[[ Information provided, beginning ]]

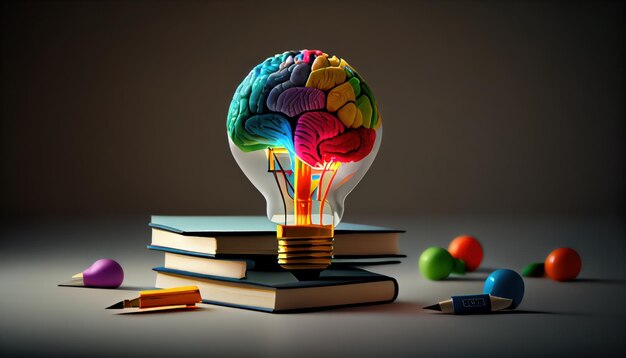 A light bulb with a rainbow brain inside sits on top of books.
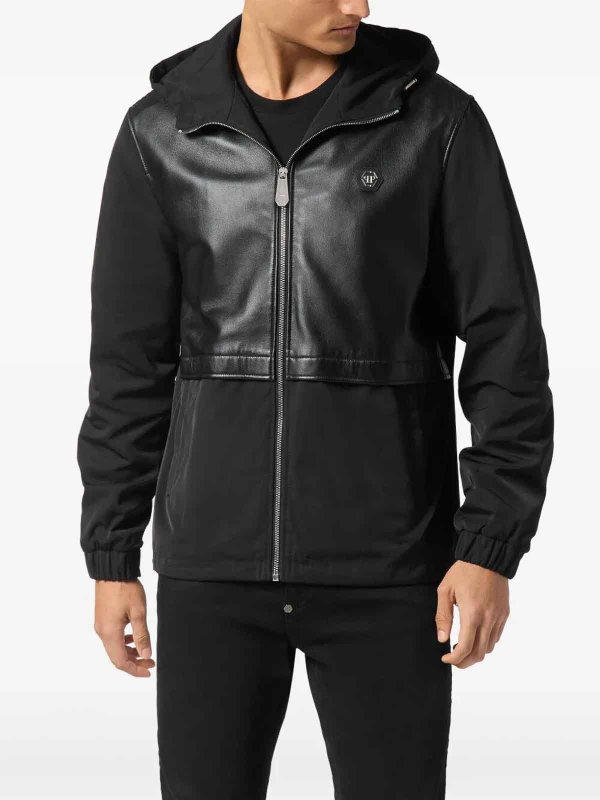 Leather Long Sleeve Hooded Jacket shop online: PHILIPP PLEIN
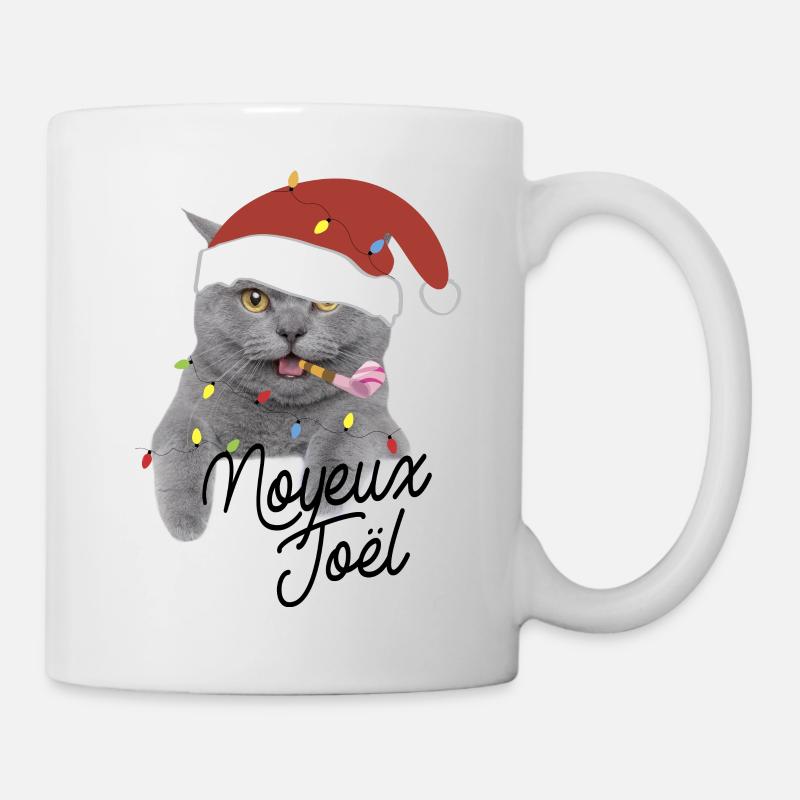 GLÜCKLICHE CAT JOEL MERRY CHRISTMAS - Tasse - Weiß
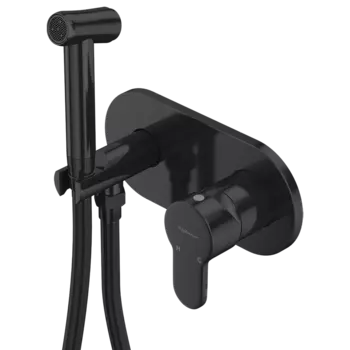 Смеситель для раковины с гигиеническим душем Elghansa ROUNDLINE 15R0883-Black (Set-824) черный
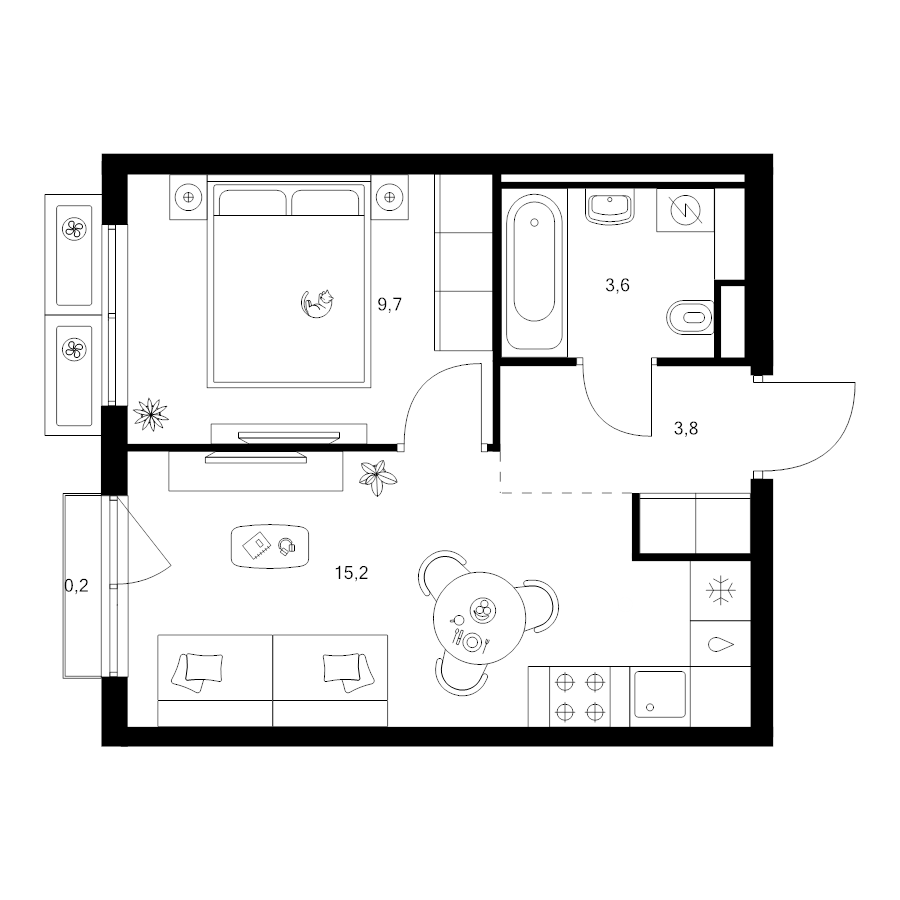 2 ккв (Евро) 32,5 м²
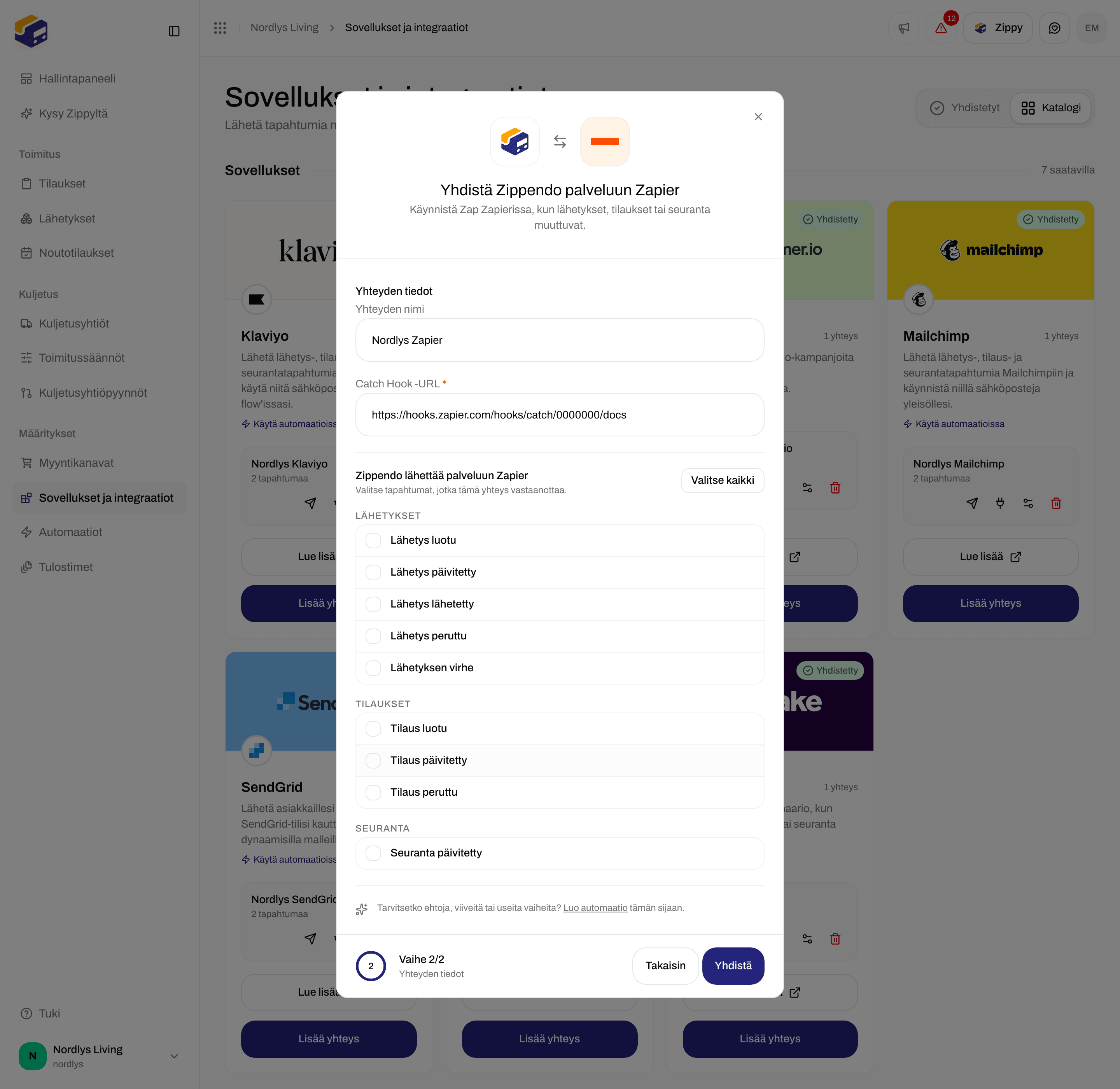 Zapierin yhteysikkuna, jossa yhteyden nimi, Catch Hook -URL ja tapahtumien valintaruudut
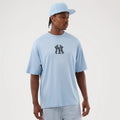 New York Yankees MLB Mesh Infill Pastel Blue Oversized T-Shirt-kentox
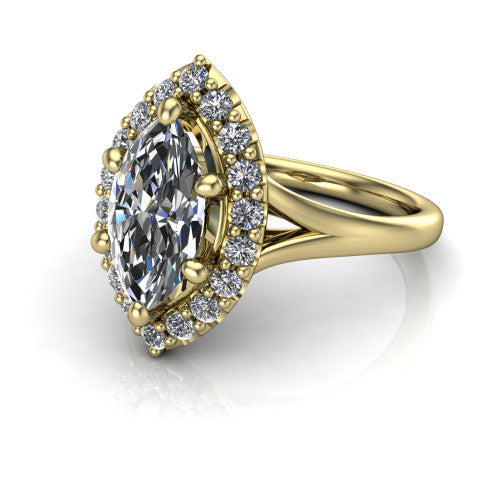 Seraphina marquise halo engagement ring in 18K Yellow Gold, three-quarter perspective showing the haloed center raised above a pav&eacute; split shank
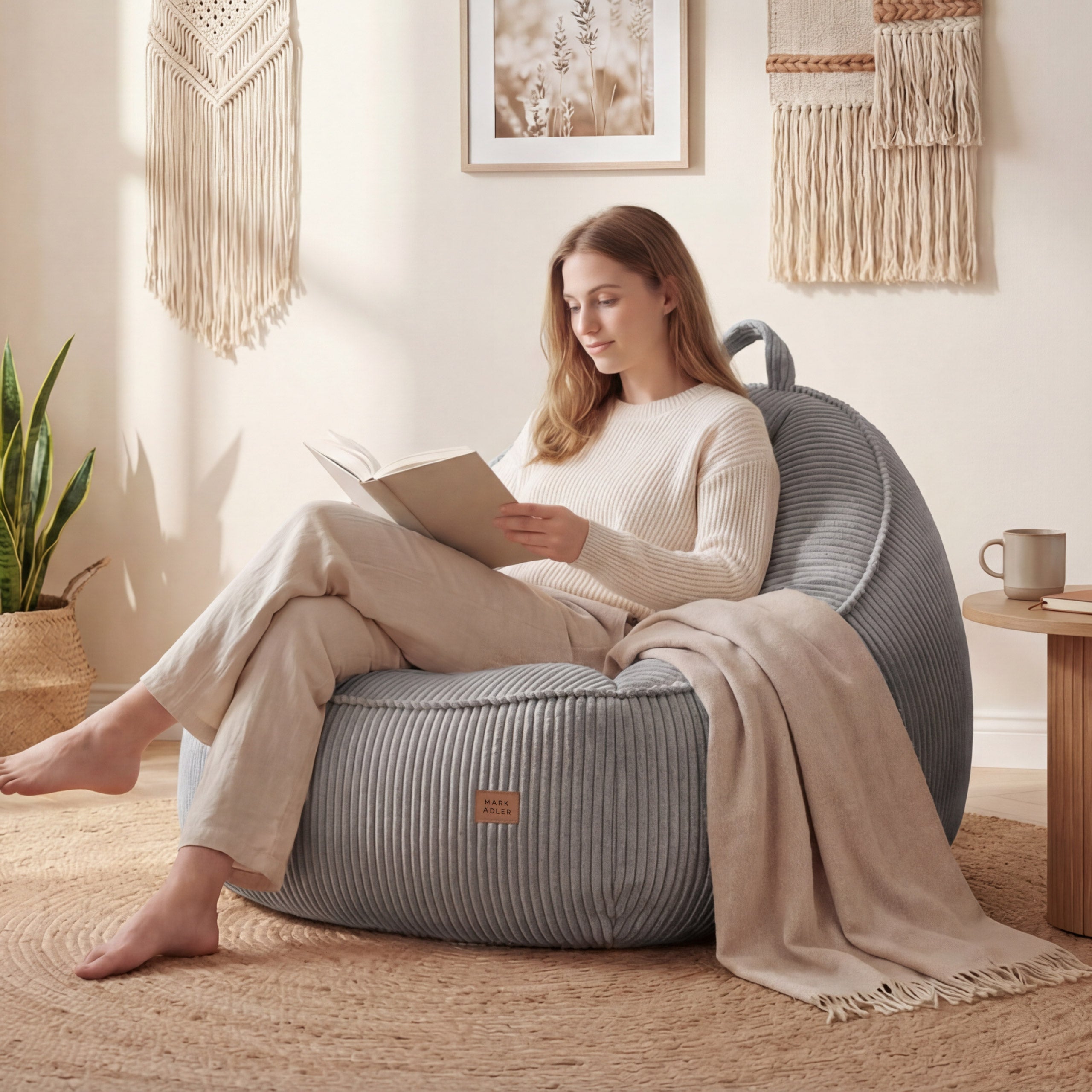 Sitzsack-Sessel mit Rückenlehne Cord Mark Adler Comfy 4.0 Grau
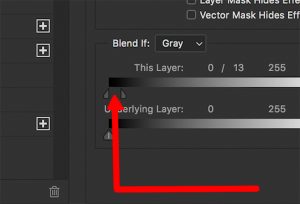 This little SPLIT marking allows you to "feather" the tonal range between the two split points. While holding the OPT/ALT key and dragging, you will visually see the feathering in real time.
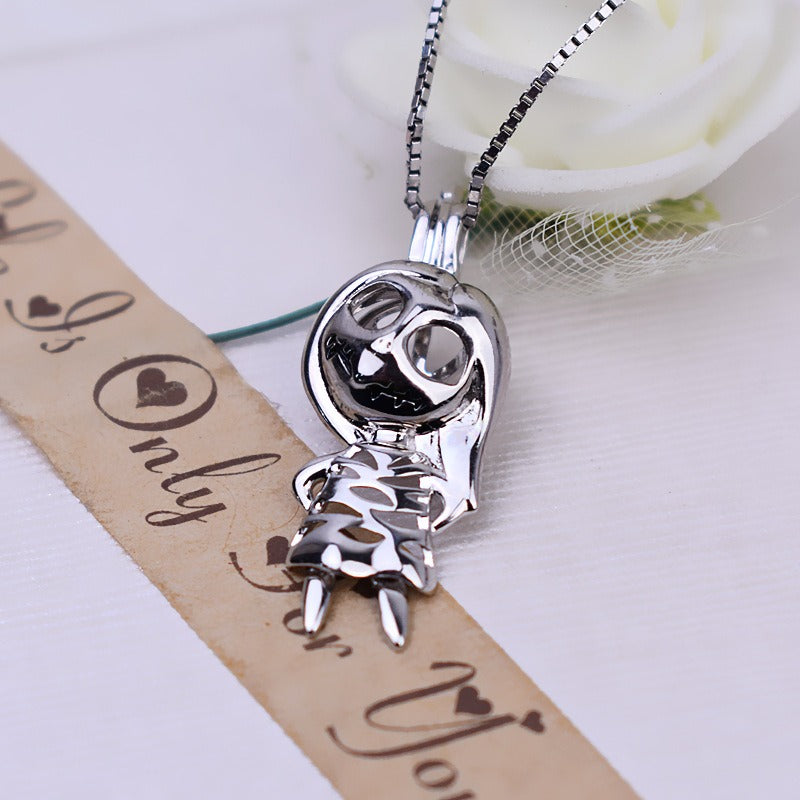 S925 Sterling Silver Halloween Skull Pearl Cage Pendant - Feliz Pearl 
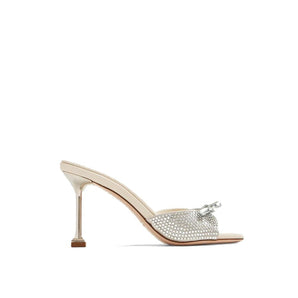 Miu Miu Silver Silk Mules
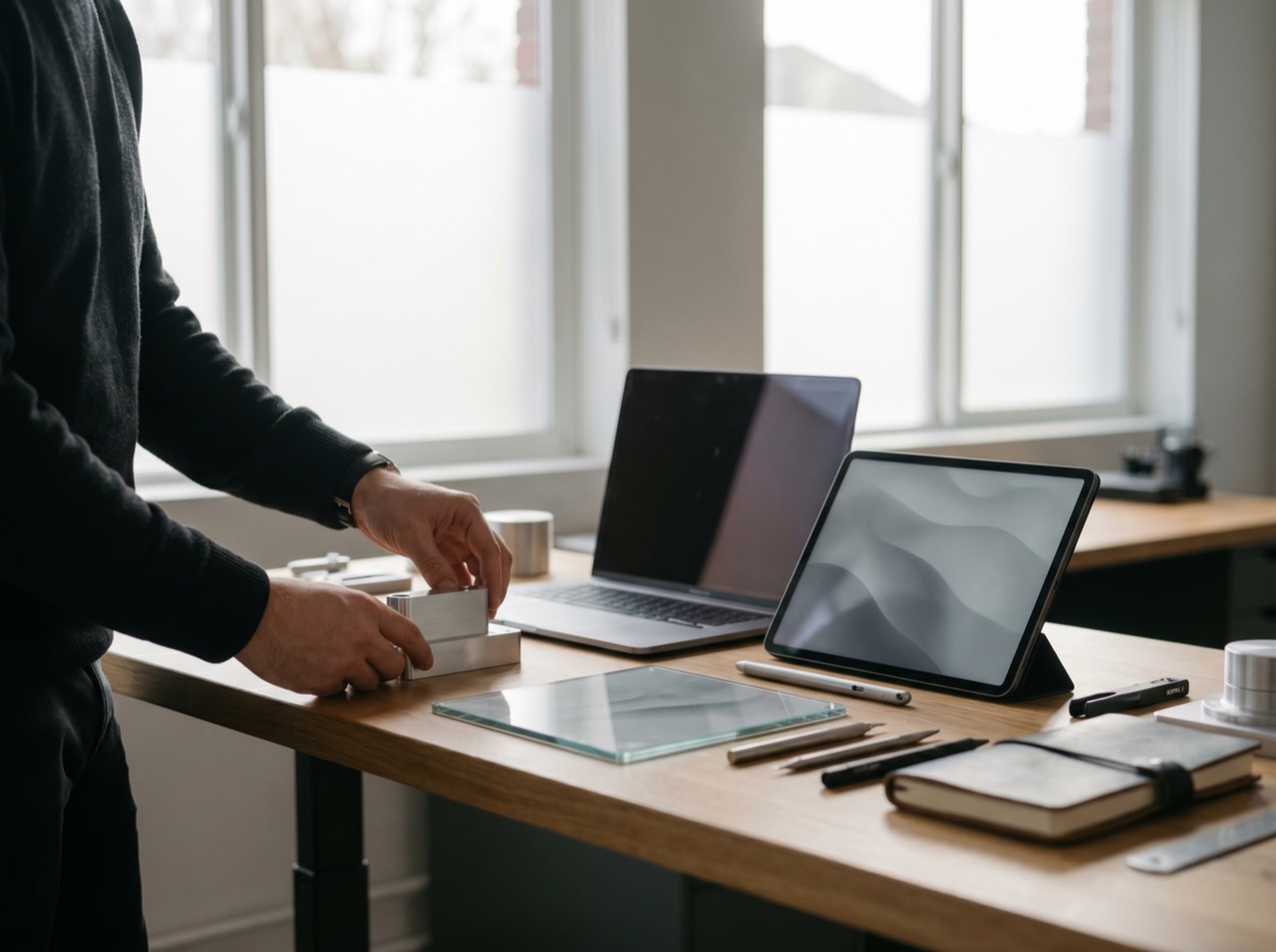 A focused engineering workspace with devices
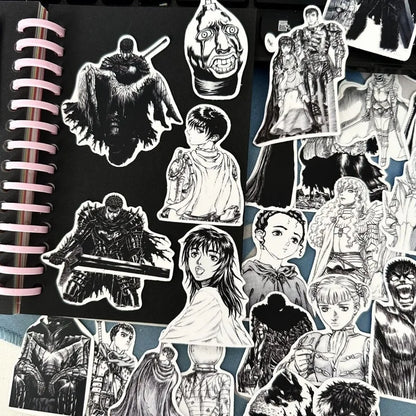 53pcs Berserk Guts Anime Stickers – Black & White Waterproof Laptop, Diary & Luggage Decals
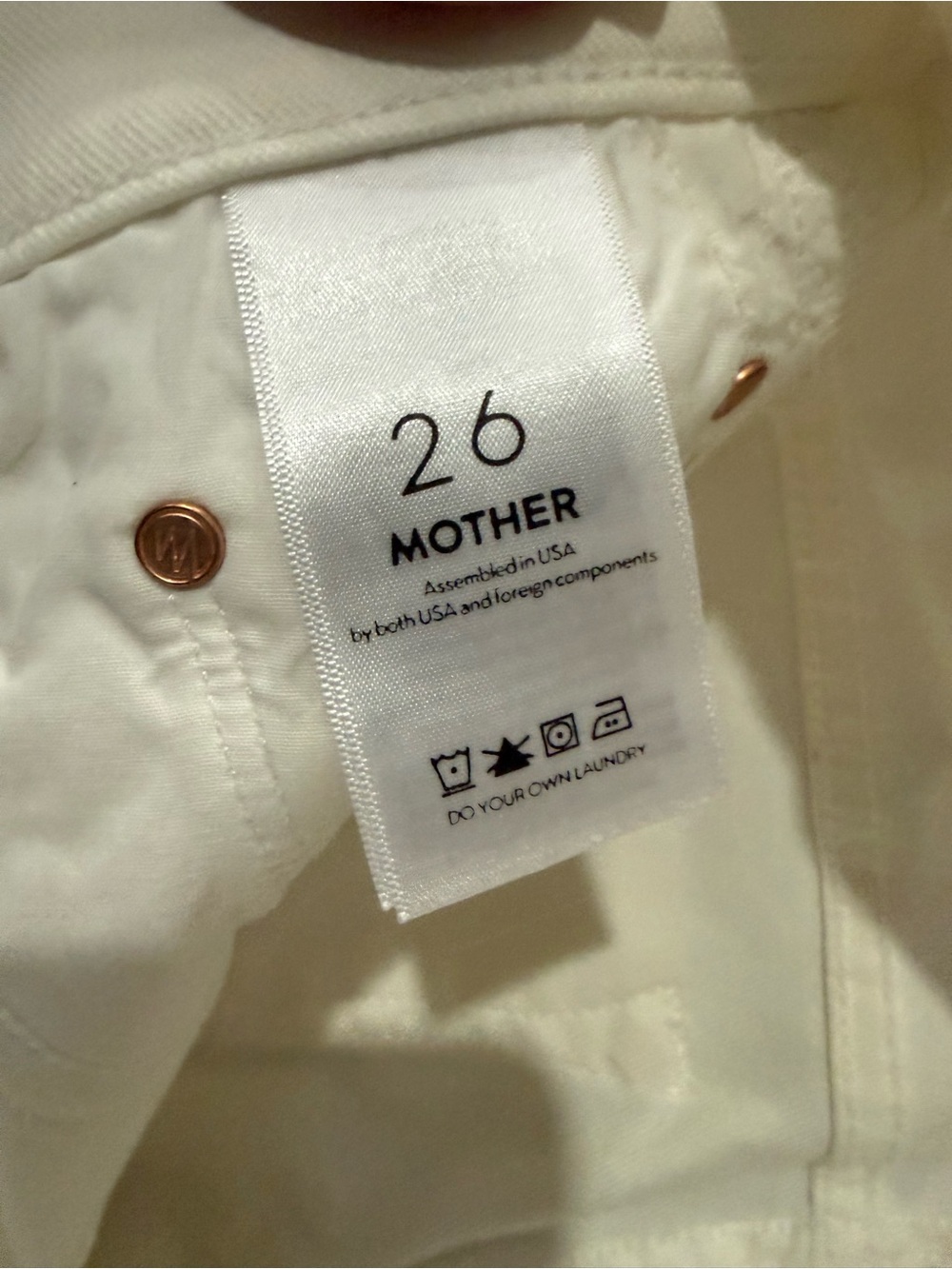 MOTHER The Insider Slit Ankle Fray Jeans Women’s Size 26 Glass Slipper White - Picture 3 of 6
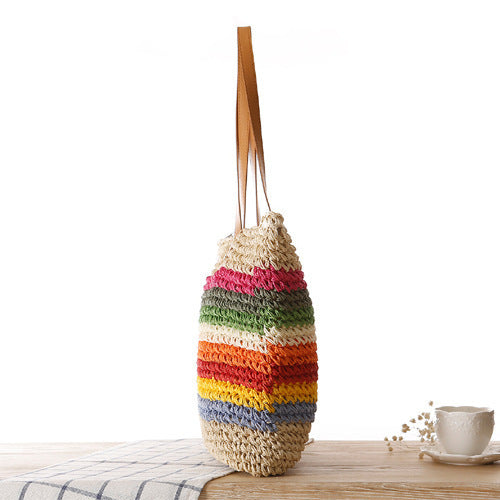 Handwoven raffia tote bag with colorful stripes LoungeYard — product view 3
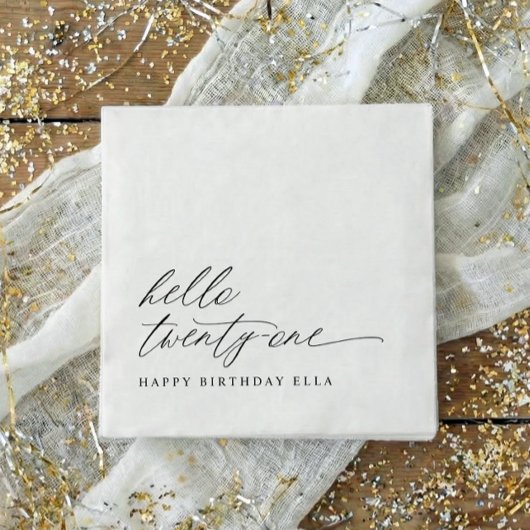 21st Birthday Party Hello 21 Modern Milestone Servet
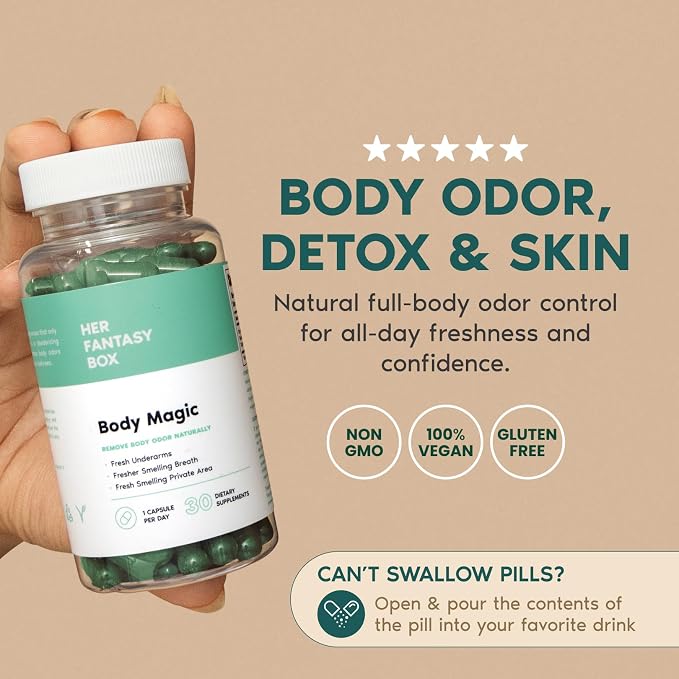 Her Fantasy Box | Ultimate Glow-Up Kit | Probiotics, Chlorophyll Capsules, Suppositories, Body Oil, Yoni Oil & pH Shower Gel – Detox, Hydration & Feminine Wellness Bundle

[[ Information provided, end ]]

*Requirement:* Leaving out the pictures, repeat all the entries exactly as they stand.

*Answer section:*
 A light bulb with a rainbow brain inside sits on top of books.
 Leather Long Sleeve Hooded Jacket shop online: PHILIPP PLEIN
 GLÜCKLICHE CAT JOEL MERRY CHRISTMAS - Tasse - Weiß
 Смеситель для раковины с гигиеническим душем Elghansa ROUNDLINE 15R0883-Black (Set-824) черный
 2 ккв (Евро) 32,5 м²
 Zapierin yhteysikkuna, jossa yhteyden nimi, Catch Hook -URL ja tapahtumien valintaruudut
 New York Yankees MLB Mesh Infill Pastel Blue Oversized T-Shirt-kentox
 Seraphina marquise halo engagement ring in 18K Yellow Gold, three-quarter perspective showing the haloed center raised above a pav&eacute; split shank
 Sitzsack-Sessel mit Rückenlehne Cord Mark Adler Comfy 4.0 Grau
 This little SPLIT marking allows you to "feather" the tonal range between the two split points. While holding the OPT/ALT key and dragging, you will visually see the feathering in real time.
 S925 Sterling Silver Halloween Skull Pearl Cage Pendant - Feliz Pearl 
 Miu Miu Silver Silk Mules
 A focused engineering workspace with devices
 53pcs Berserk Guts Anime Stickers – Black & White Waterproof Laptop, Diary & Luggage Decals
 MOTHER The Insider Slit Ankle Fray Jeans Women’s Size 26 Glass Slipper White - Picture 3 of 6
 Handwoven raffia tote bag with colorful stripes LoungeYard — product view 3
 21st Birthday Party Hello 21 Modern Milestone Servet
 Her Fantasy Box | Ultimate Glow-Up Kit | Probiotics, Chlorophyll Capsules, Suppositories, Body Oil, Yoni Oil & pH Shower Gel – Detox, Hydration & Feminine Wellness Bundle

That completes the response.